------ Input data ------

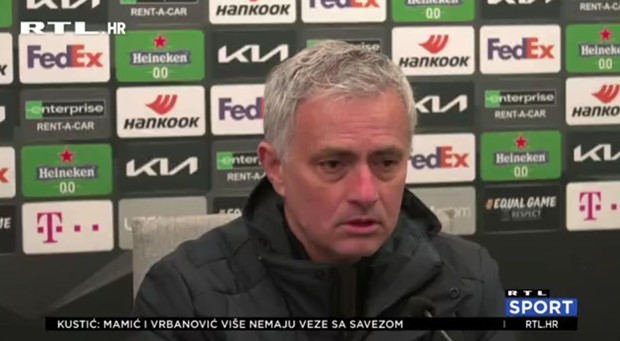 [VIDEO] Mourinho: 'Moji igrači su ranije gledali Oršićeve reakcije tijekom karijere'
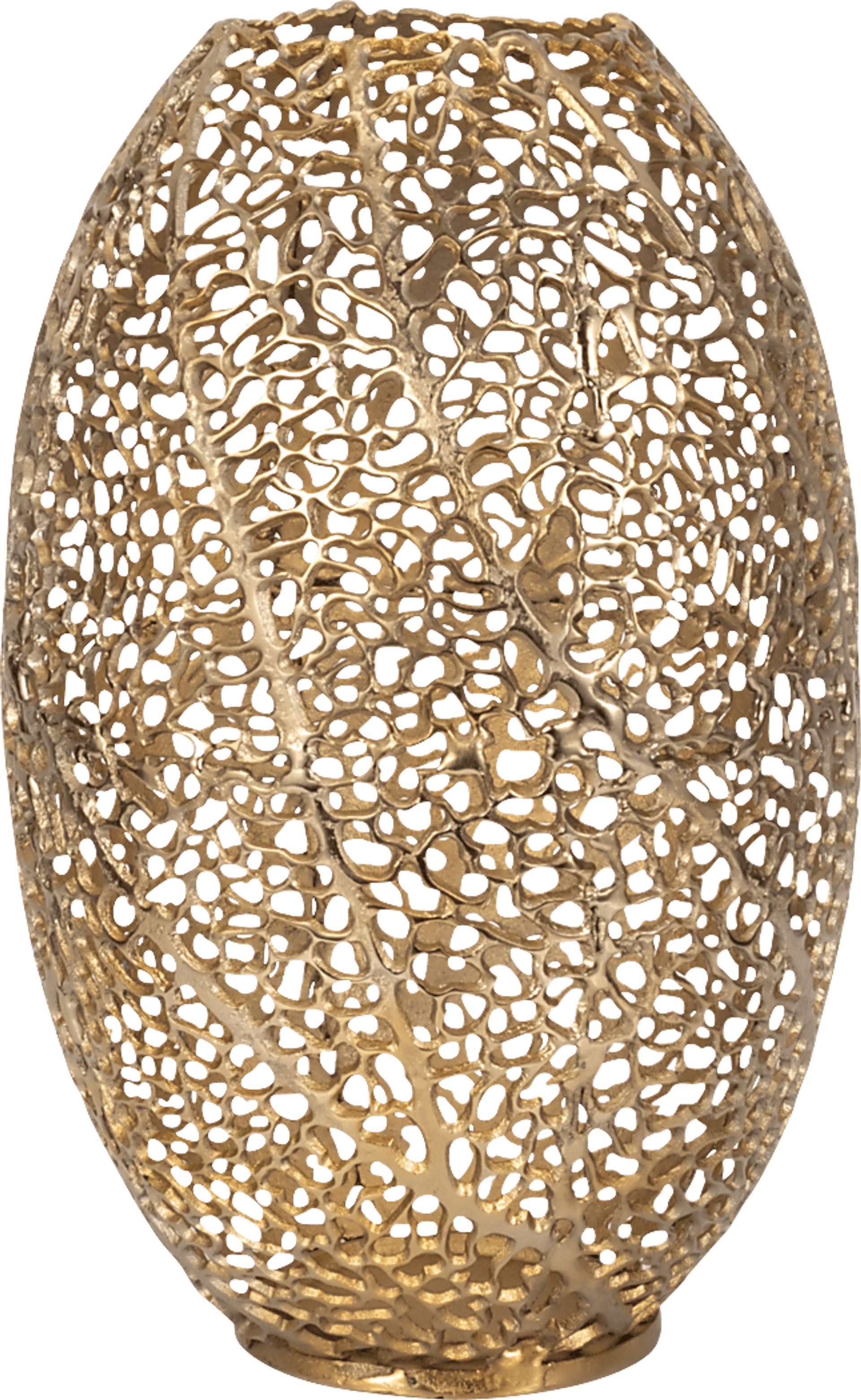 Lukirk Gold 20 in. Vase - Image 1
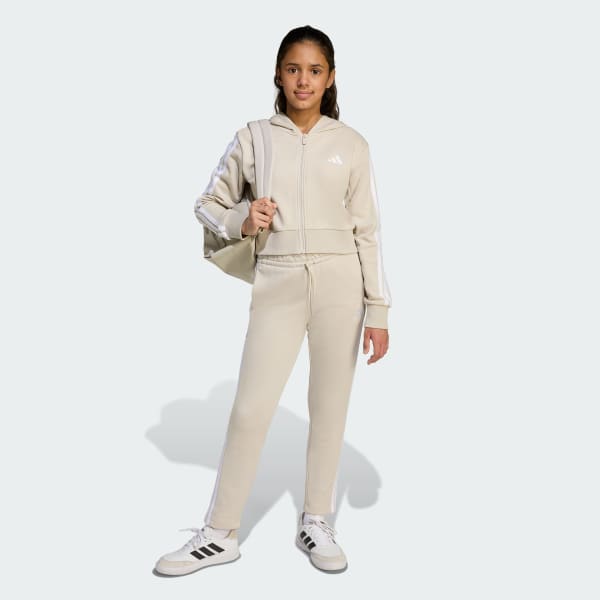 Bege Casaco com Capuz Essentials – Criança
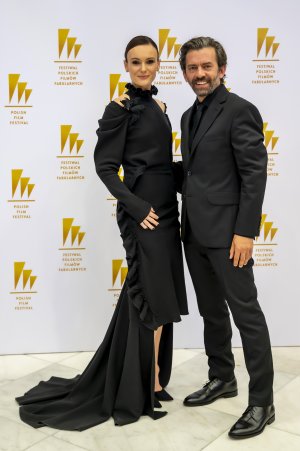 Aktorzy Agnieszka i Piotr Głowaccy podczas gali otwarcia festiwalu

------

Problem details:
Nothing but the lines from the one with "Lukirk Gold 20 in. Vase - Image 1" through the last line of the material above should appear in the answer, each copied exactly, with no pictures.

Solution for this task:
 Lukirk Gold 20 in. Vase - Image 1
 Bege Casaco com Capuz Essentials – Criança
 Aktorzy Agnieszka i Piotr Głowaccy podczas gali otwarcia festiwalu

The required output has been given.